= Data for analysis =
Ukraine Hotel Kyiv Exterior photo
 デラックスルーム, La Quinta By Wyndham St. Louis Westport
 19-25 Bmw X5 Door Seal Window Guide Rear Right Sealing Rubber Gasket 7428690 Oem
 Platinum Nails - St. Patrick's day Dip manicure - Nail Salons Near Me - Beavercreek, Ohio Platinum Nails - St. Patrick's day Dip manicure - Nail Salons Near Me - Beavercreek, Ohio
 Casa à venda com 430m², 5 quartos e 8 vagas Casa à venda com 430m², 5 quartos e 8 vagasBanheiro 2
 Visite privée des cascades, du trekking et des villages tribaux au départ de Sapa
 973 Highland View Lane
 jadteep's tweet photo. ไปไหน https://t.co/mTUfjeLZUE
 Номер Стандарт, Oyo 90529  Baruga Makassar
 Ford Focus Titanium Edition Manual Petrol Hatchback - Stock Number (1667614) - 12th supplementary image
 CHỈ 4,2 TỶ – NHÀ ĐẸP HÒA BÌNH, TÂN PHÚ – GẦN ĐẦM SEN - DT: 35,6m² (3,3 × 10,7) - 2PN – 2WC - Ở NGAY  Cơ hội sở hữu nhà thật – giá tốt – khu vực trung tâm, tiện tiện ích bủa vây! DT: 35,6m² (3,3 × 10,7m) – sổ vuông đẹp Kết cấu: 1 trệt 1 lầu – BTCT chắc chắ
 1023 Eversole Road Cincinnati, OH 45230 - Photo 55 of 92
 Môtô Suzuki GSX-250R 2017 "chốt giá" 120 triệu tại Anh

= Work task =
Every line of the material above must be set down again exactly.

= Exercise result =
Ukraine Hotel Kyiv Exterior photo
 デラックスルーム, La Quinta By Wyndham St. Louis Westport
 19-25 Bmw X5 Door Seal Window Guide Rear Right Sealing Rubber Gasket 7428690 Oem
 Platinum Nails - St. Patrick's day Dip manicure - Nail Salons Near Me - Beavercreek, Ohio Platinum Nails - St. Patrick's day Dip manicure - Nail Salons Near Me - Beavercreek, Ohio
 Casa à venda com 430m², 5 quartos e 8 vagas Casa à venda com 430m², 5 quartos e 8 vagasBanheiro 2
 Visite privée des cascades, du trekking et des villages tribaux au départ de Sapa
 973 Highland View Lane
 jadteep's tweet photo. ไปไหน https://t.co/mTUfjeLZUE
 Номер Стандарт, Oyo 90529  Baruga Makassar
 Ford Focus Titanium Edition Manual Petrol Hatchback - Stock Number (1667614) - 12th supplementary image
 CHỈ 4,2 TỶ – NHÀ ĐẸP HÒA BÌNH, TÂN PHÚ – GẦN ĐẦM SEN - DT: 35,6m² (3,3 × 10,7) - 2PN – 2WC - Ở NGAY  Cơ hội sở hữu nhà thật – giá tốt – khu vực trung tâm, tiện tiện ích bủa vây! DT: 35,6m² (3,3 × 10,7m) – sổ vuông đẹp Kết cấu: 1 trệt 1 lầu – BTCT chắc chắ
 1023 Eversole Road Cincinnati, OH 45230 - Photo 55 of 92
 Môtô Suzuki GSX-250R 2017 "chốt giá" 120 triệu tại Anh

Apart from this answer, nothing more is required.